What is being asked: Look below for the lines from the one with "202 Warwick - TV lounge" to the one with "image for item", and copy exactly those lines, both ends included.

*** Opening Given information ***

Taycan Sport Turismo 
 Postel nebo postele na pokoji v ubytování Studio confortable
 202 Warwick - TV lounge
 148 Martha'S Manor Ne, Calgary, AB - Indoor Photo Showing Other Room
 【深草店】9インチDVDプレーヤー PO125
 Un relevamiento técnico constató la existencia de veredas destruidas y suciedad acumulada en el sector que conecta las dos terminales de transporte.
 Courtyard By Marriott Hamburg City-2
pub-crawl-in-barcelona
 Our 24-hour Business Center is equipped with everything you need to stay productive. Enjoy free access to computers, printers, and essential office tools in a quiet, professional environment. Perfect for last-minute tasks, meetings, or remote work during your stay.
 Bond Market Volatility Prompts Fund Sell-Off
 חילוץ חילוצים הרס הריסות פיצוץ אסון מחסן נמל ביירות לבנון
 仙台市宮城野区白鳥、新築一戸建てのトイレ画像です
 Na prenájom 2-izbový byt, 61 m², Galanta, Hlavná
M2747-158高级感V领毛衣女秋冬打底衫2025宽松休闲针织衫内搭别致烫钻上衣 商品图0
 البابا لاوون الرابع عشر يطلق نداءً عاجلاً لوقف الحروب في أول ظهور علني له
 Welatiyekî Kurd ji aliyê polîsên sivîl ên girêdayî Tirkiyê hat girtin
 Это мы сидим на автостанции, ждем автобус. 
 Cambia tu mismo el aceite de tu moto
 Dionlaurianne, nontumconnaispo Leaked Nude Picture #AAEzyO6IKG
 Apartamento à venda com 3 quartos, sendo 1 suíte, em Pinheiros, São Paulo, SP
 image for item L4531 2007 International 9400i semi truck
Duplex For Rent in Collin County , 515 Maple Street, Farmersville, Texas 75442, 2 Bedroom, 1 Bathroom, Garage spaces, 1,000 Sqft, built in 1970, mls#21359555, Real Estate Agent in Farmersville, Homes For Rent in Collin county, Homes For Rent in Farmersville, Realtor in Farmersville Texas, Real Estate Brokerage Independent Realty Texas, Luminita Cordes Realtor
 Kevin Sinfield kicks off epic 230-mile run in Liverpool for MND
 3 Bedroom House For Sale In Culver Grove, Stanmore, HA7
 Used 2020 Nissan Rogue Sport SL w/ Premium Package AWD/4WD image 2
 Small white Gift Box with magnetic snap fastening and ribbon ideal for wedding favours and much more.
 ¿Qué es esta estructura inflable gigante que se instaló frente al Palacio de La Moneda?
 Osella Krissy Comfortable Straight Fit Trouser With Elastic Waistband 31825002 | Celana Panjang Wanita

*** Closing Given information ***

Task output:
 202 Warwick - TV lounge
 148 Martha'S Manor Ne, Calgary, AB - Indoor Photo Showing Other Room
 【深草店】9インチDVDプレーヤー PO125
 Un relevamiento técnico constató la existencia de veredas destruidas y suciedad acumulada en el sector que conecta las dos terminales de transporte.
 Courtyard By Marriott Hamburg City-2
pub-crawl-in-barcelona
 Our 24-hour Business Center is equipped with everything you need to stay productive. Enjoy free access to computers, printers, and essential office tools in a quiet, professional environment. Perfect for last-minute tasks, meetings, or remote work during your stay.
 Bond Market Volatility Prompts Fund Sell-Off
 חילוץ חילוצים הרס הריסות פיצוץ אסון מחסן נמל ביירות לבנון
 仙台市宮城野区白鳥、新築一戸建てのトイレ画像です
 Na prenájom 2-izbový byt, 61 m², Galanta, Hlavná
M2747-158高级感V领毛衣女秋冬打底衫2025宽松休闲针织衫内搭别致烫钻上衣 商品图0
 البابا لاوون الرابع عشر يطلق نداءً عاجلاً لوقف الحروب في أول ظهور علني له
 Welatiyekî Kurd ji aliyê polîsên sivîl ên girêdayî Tirkiyê hat girtin
 Это мы сидим на автостанции, ждем автобус. 
 Cambia tu mismo el aceite de tu moto
 Dionlaurianne, nontumconnaispo Leaked Nude Picture #AAEzyO6IKG
 Apartamento à venda com 3 quartos, sendo 1 suíte, em Pinheiros, São Paulo, SP
 image for item L4531 2007 International 9400i semi truck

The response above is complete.